Encore un titre qui n’était pas dans ma PAL, me direz-vous. J’avoue, j’ai une fois de plus succombé au plaisir coupable du libraire. Jeudi dernier, je cherchais un livre pour la ronde des poches au rayon “Récits de voyage” de mon dealer habituel, quand j’ai fini par m’offrir cet ouvrage qui me narguait depuis quelques semaines. En réalité, j’ai appris pour la première fois l’existence de cette famille, les Lykov, l’hiver dernier dans un reportage du Daily Mail (on a les références culturelles que l’on peut) et j’avais très envie d’en savoir plus, d’autant plus que ce sont des vieux-croyants (orthodoxes russes qui ont refusé la réforme du culte voulue par le tsar Alexis) et que la grand-mère de l’Anglais appartient à cette mouvance.
Il ne s’agit pas d’un roman mais plutôt d’une enquête journalistique : l’auteur, Vassili Peskov, s’est rendu à de nombreuses reprises auprès de la famille Lykov après leur “redécouverte” en 1978. Il décrit les raisons qui ont poussé cette famille à s’exiler toujours plus loin dans la taïga (ils se trouvaient à plusieurs centaines de kilomètres de la première installation humaine), leur quotidien, ainsi que les deux membres de la famille qu’il a pu rencontrer : Karp Ossipovitch, le père, et Agafia, la fille cadette. Plus tard, il y retourne presque chaque année pour informer ses lecteurs de l’évolution de la situation.
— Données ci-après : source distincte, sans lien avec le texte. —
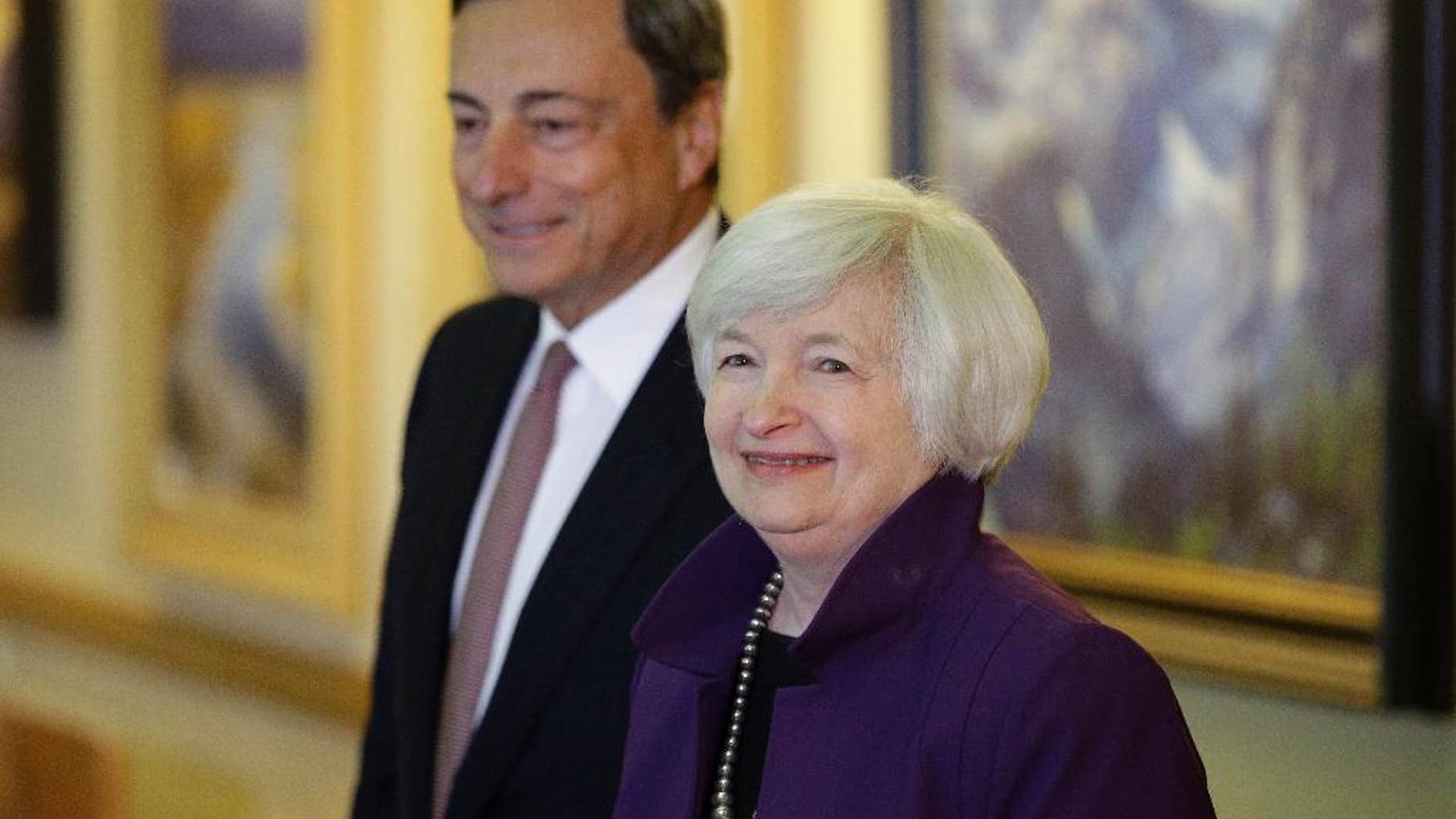 FILE - In this Aug. 22, 2014 file photo, Federal Reserve Chair Janet Yellen, right, and European Central Bank President Mario Draghi walk together during the Jackson Hole Economic Policy Symposium at the Jackson Lake Lodge in Grand Teton National Park near Jackson, Wyo. Record low interest rates were meant to be a temporary response to the global financial crisis. But eight years later, rates are still near zero in much of the developed world - and some experts are warning of long-term side effects. The Federal Reserve lowered its short-term benchmark - which determines the cost of overnight lending between banks - to between zero and 0.25 percent in December 2008. The European Central Bank reached zero in March and the Bank of Japan in late 2010. Just last week, the Bank of England cut its benchmark rate to 0.25 percent and indicated it could bring it closer to zero. (AP Photo/John Locher, file)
Je ne sais pas ce qui m’a le plus frappée dans ce livre : la description des magnifiques paysages de la taïga qui donne franchement envie de partir (genre je survivrais plus de deux jours dans un endroit pareil…), la vie de ces gens qui ont choisi de s’installer au milieu de nulle part, leur foi inébranlable qui confine à l’obscurantisme (je dis “qui confine” et non qui l’est car ils ne semblent pas condamner les gens qu’ils rencontrent de vivre “dans le siècle”), leurs réactions face à la modernité… C’est un tableau fascinant, une image qui se serait arrêtée définitivement à l’orée du XXème siècle. Le dépaysement est garanti.
L’auteur a publié une suite, “Des nouvelles d’Agafia”, que je n’ai pas encore lue.